Four finalists have been chosen to battle it out in a business pitching contest when it is staged at the Crucible Theatre in Sheffield for the first time.
The quartet were among 16 applicants to Sheffield Soup, which gives socially-minded projects the chance to win cash.
Founder Pennie Raven said the world famous new location had already given them a huge publicity boost.
She added: “It’s so exciting, people genuinely watch out for what goes on there, it will bring us a whole new audience and it will add credibility to the applicants.”
Dan Bates, chief executive of Sheffield Theatres, said he was thrilled to support the city’s entrepreneurial spirit.
He added: “We’re delighted to be hosting the next Sheffield Soup at the Crucible. We hope that being here will enable more people to come along and build on their ever-growing following.”

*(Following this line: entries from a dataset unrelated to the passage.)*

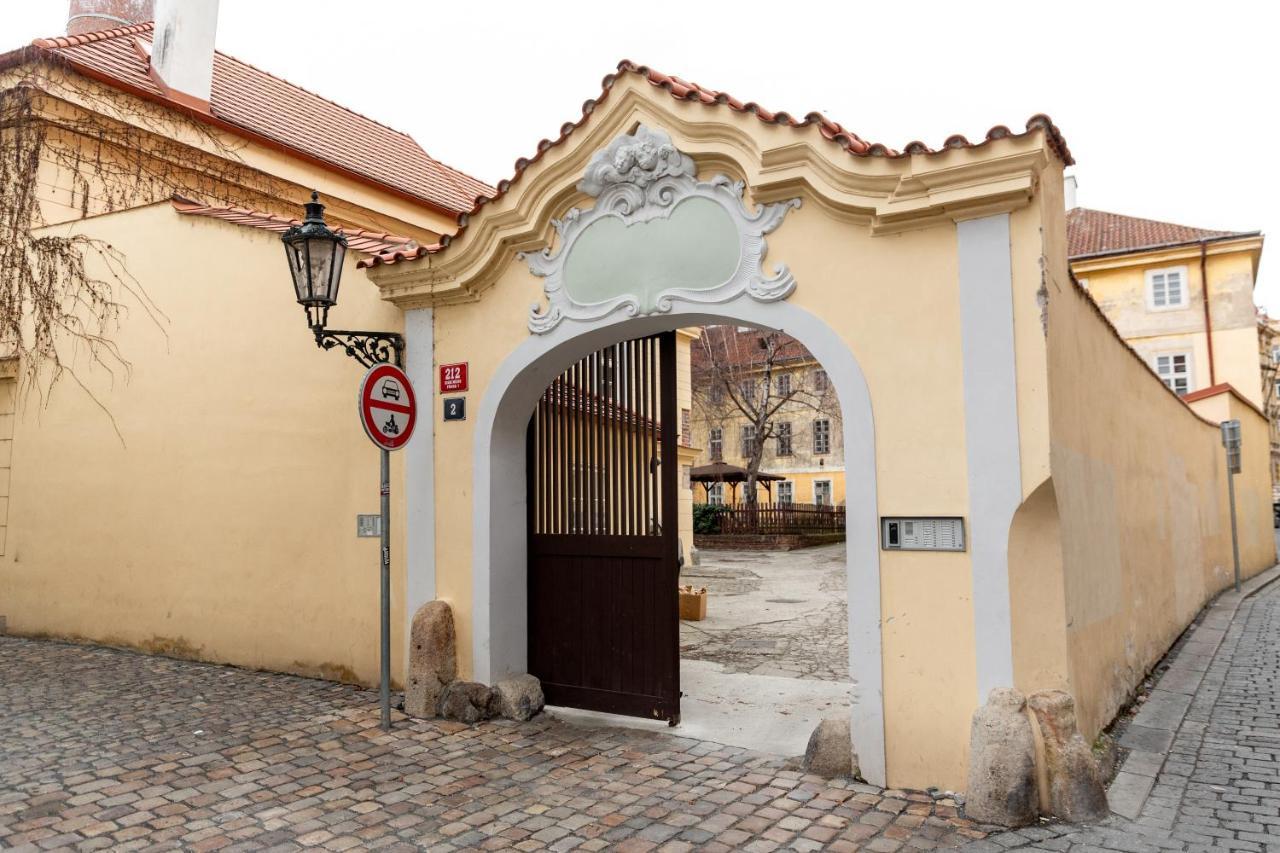 Apartment Classy Charles Bridge Prag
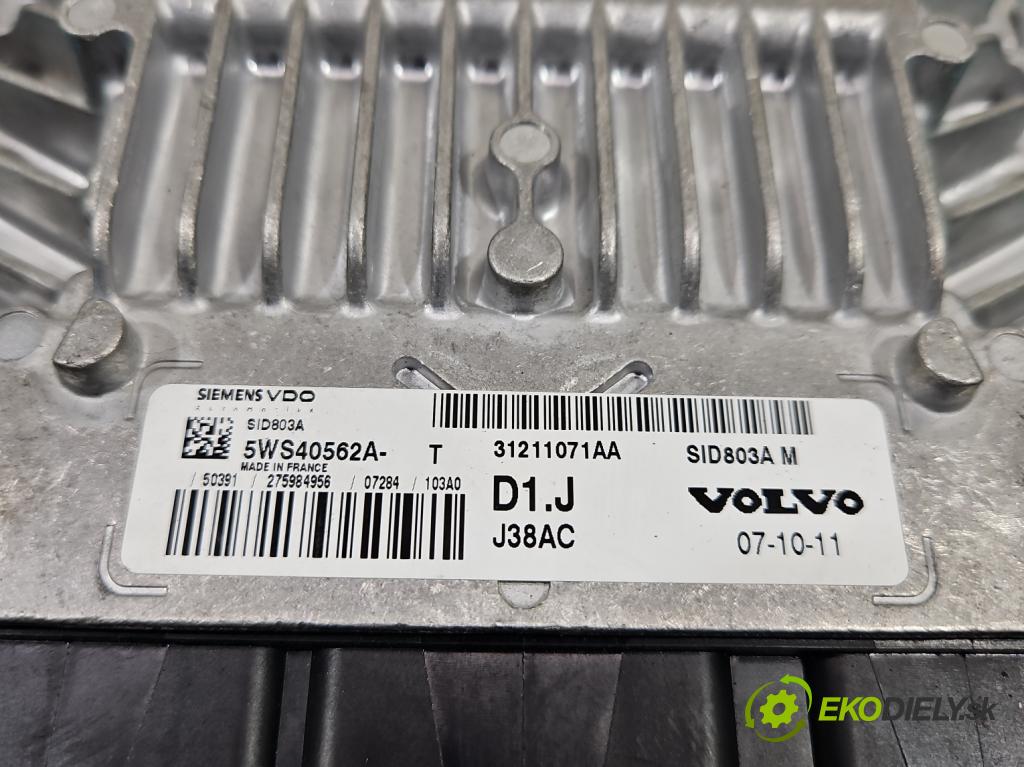 Volvo V50 2.0d 136hp manual 100 kW 1997 cm3 5- řídící jednotka motoru 5WS40562A-T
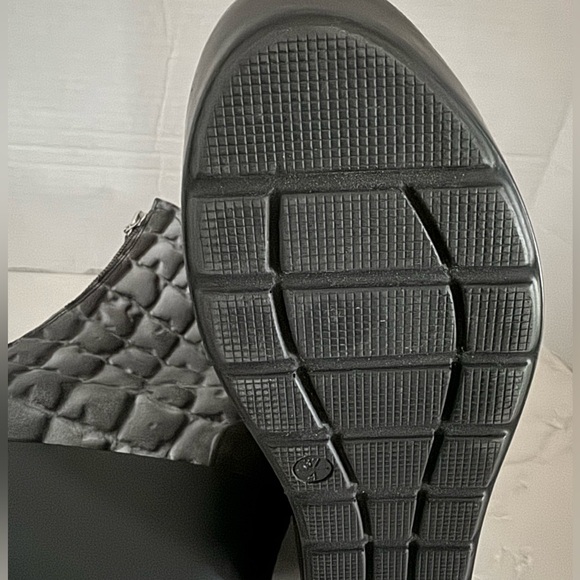 NWOT! Beautiful statement shoes by Papucei. Size 37. Gorgeous and comfortable! - Picture 9 of 12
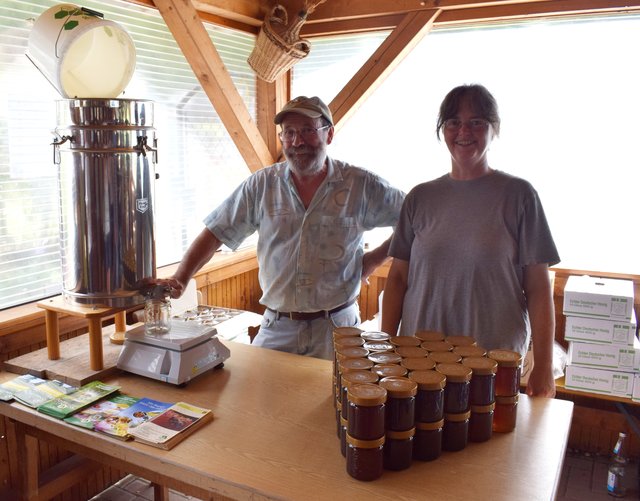 Marin Jacubeit und Franz Sommer verkaufen das flüssige Gold.  | Foto: B.Bender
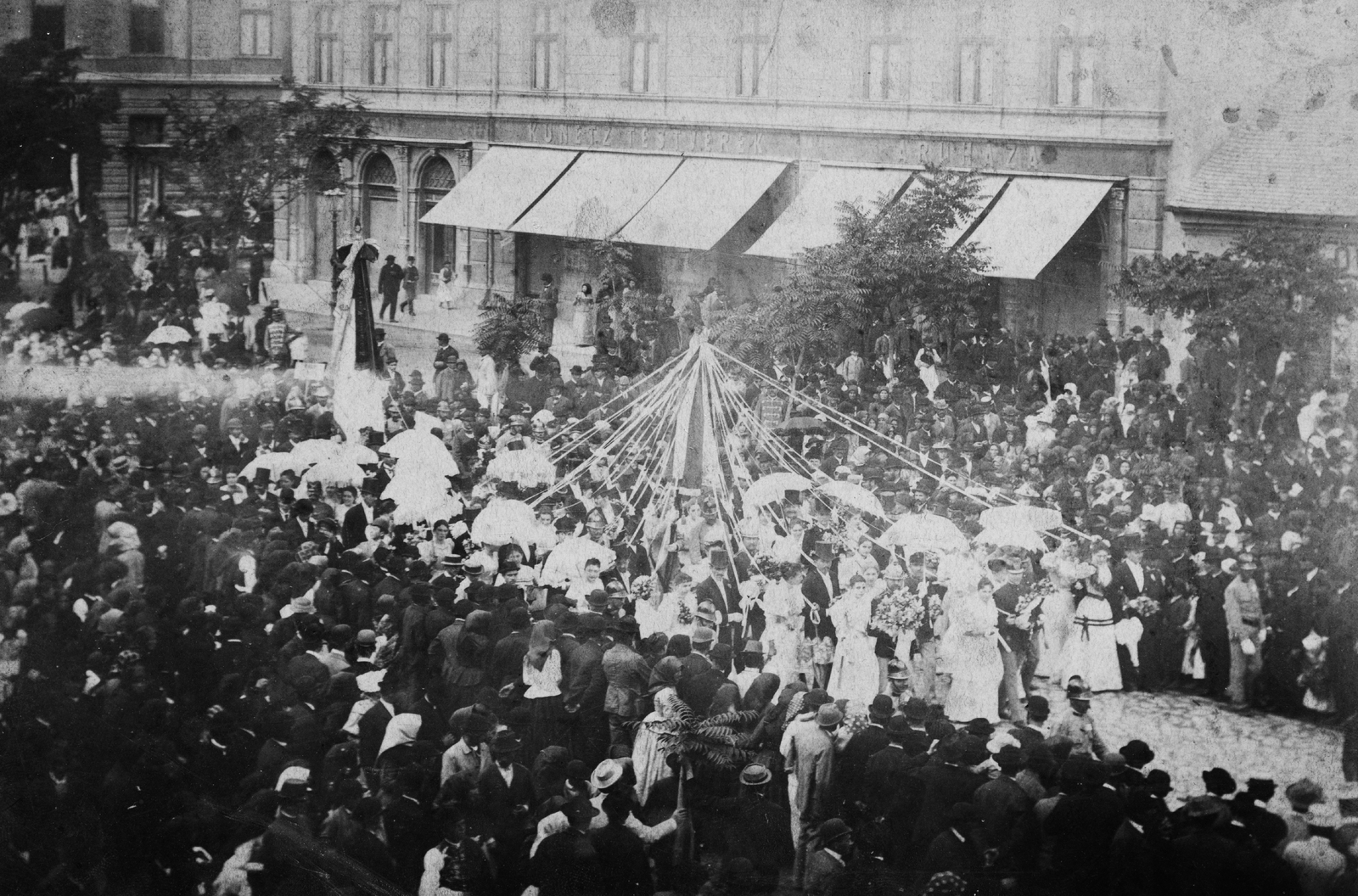 Serbia, Subotica, Szabadság tér (ekkor Szent István tér)., 1901, SK, awning, Fortepan #40928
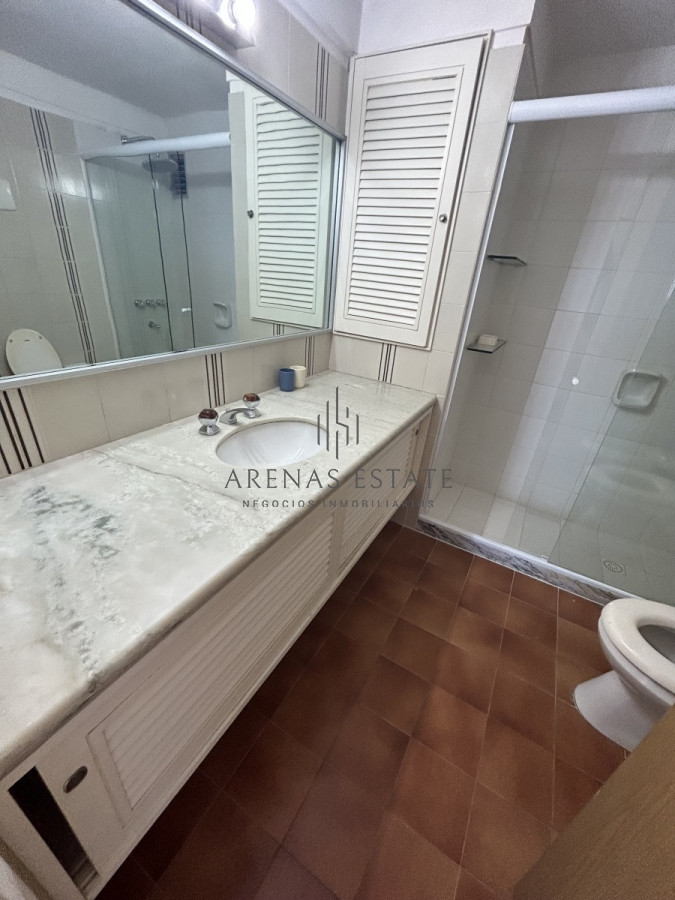 Apartamento ID.1730 - Apartamento en venta , 3 dormitorios , primera linea de la Bava 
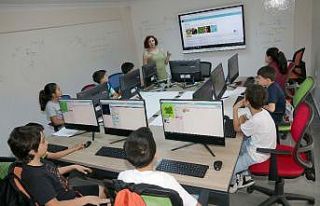 “Çocuk Teknoloji Evi” yeni öğrencilerini bekliyor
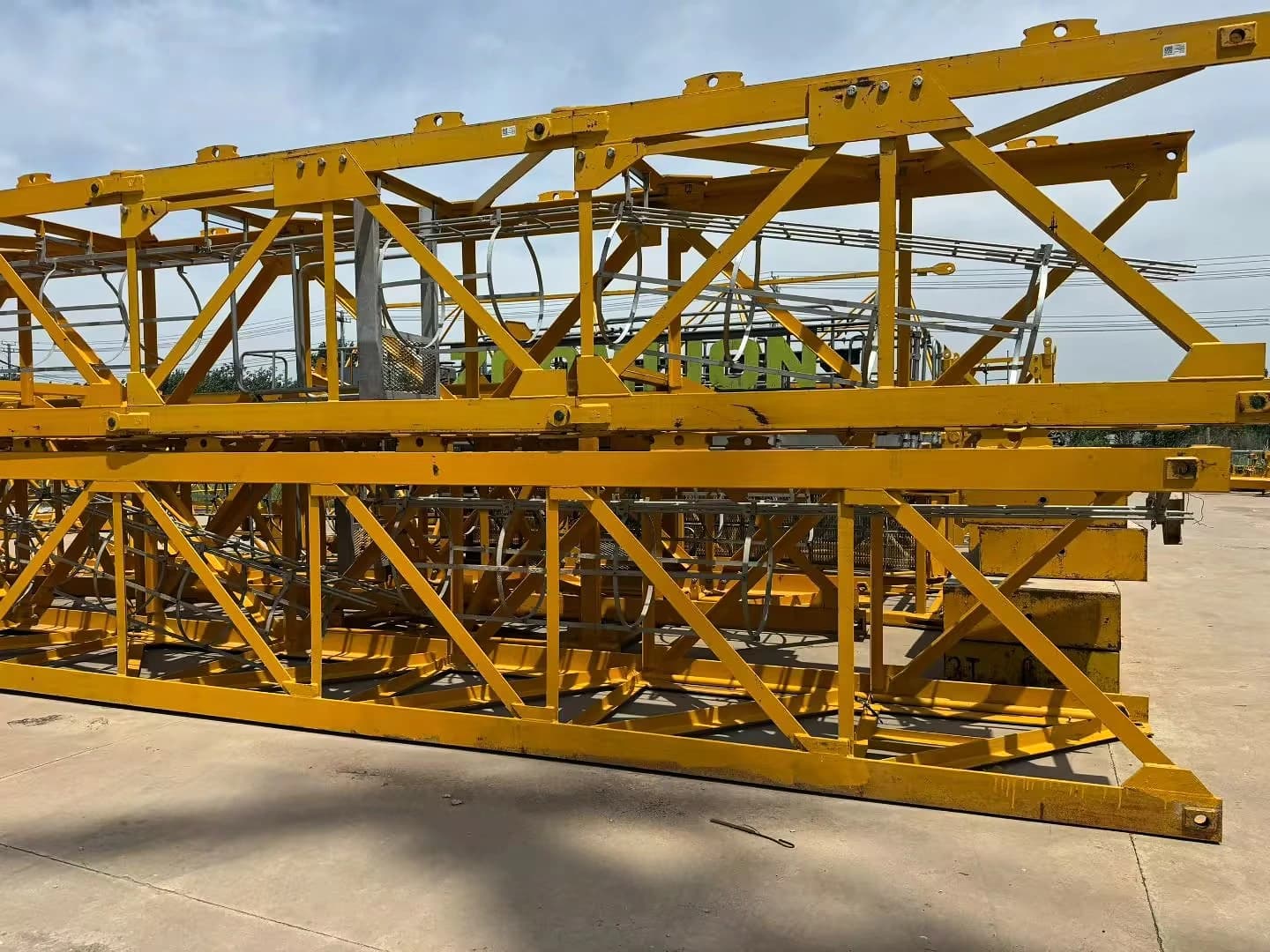 Used ZOOMLION 6515-10F Flat-Top Tower Crane 4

The winner of Sheffield Soup goes home with the door takings, which range between £500 and £800. On the night, the four contestants get four minutes to talk about their idea. The audience decides the winner.
The finalists are: Cycling Without Age, by Clare Rishbeth, which will use three-wheel rickshaws to give care home residents a ride around nearby parks. The aim is to provide a time of ‘social connection, contact with nature, the stimulation of being out and about, and an experience to talk about for the rest of the week’.
Mark Wrigley’s Sheffield Micro-Observatory is a plan for a portable observatory with a telescope that can be taken to events around Sheffield.
The aim is to use it to ‘engage people in space, digital fabrication and making. We especially want to engage and influence young people from all communities and socio-economic groups in science and technology and build their career aspirations’.
Gina Walters is behind the Neighbourhood Voices choir. She wants to produce an EP record at a Sheffield recording studio and film and photograph the session.
She said: “Documenting what these women have achieved with me over the last year will be such a huge step for us as a choir whilst giving members an exciting musical experience and something shareable that they can be incredibly proud to share.”
It’s Our City, promoted by Nigel Slack, aims to change the way Sheffield is governed by overturning the ‘strong leader’ model which sees a cabinet make most big city council decisions. If five per cent of Sheffield voters sign a petition, a city-wide referendum will be triggered on democracy.
Set up in 2015, Sheffield Soup has been held 13 times.
It will now be staged in the Crucible four times a year, plus three social events.
The first contest is on October 8. It’s a minimum donation of £5 entry for a vote, free raffle and home made soup.